■ Problem requirements ■
Take the lines from the one with "Woman in a plaid" to the end of the listing, both ends included, and quote them exactly, leaving pictures out.

■ Supplied data ■
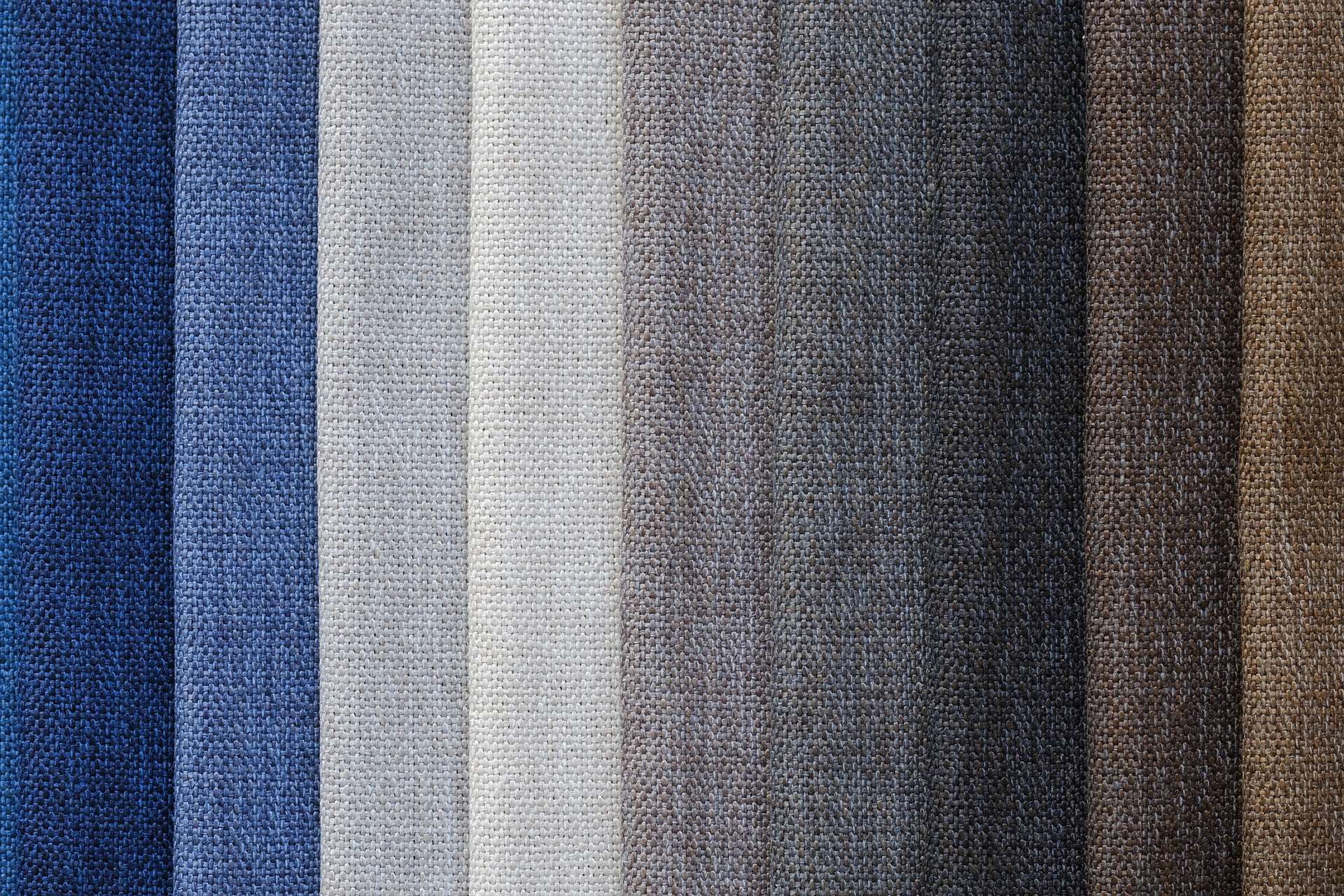 Several different fabrics layered over each other varying in colour.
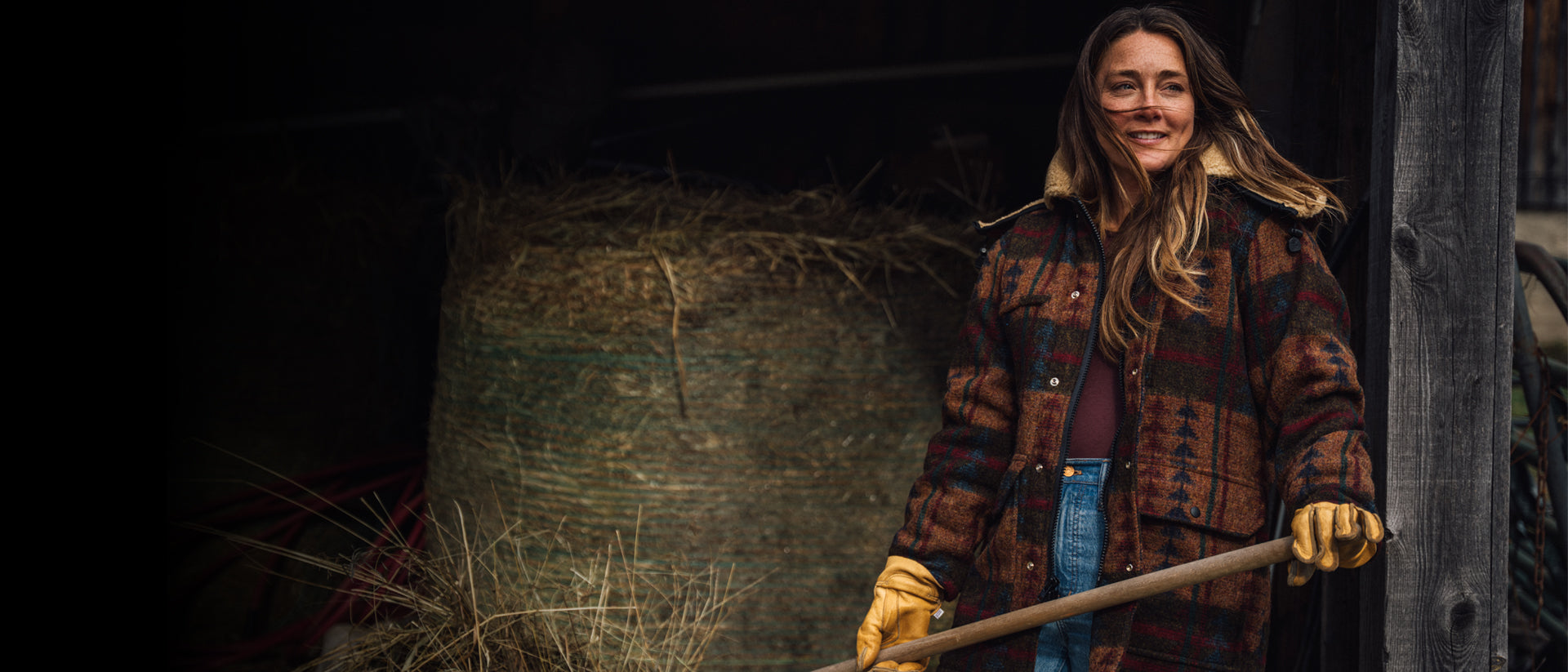 Woman in a plaid coat standing next to a hay bale in a barn.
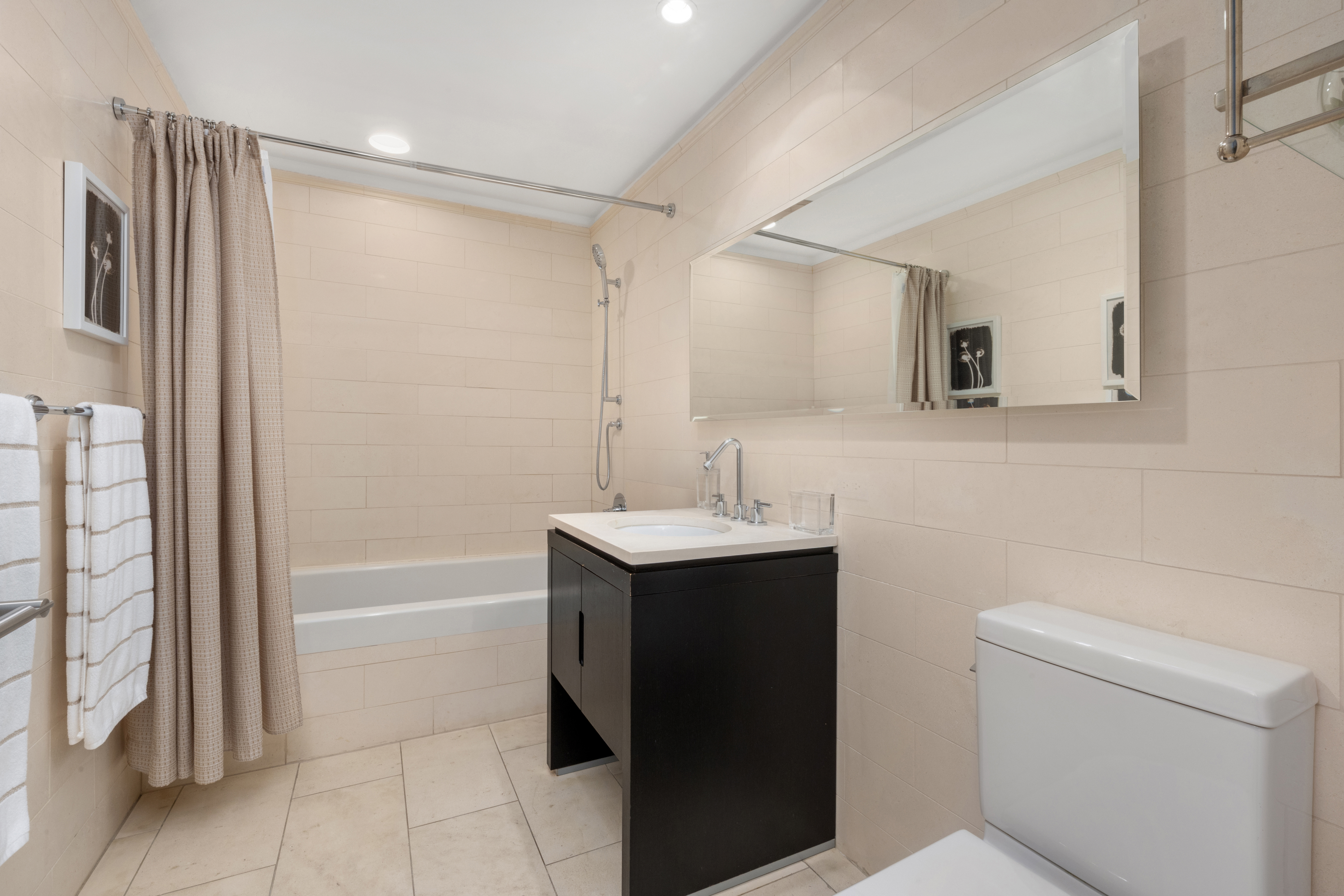 225 5th Avenue, Unit 11A Manhattan, NY 10010 - Photo 8 of 13 a bathroom with a sink toilet and shower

■ Answer box ■
 Woman in a plaid coat standing next to a hay bale in a barn.
 225 5th Avenue, Unit 11A Manhattan, NY 10010 - Photo 8 of 13 a bathroom with a sink toilet and shower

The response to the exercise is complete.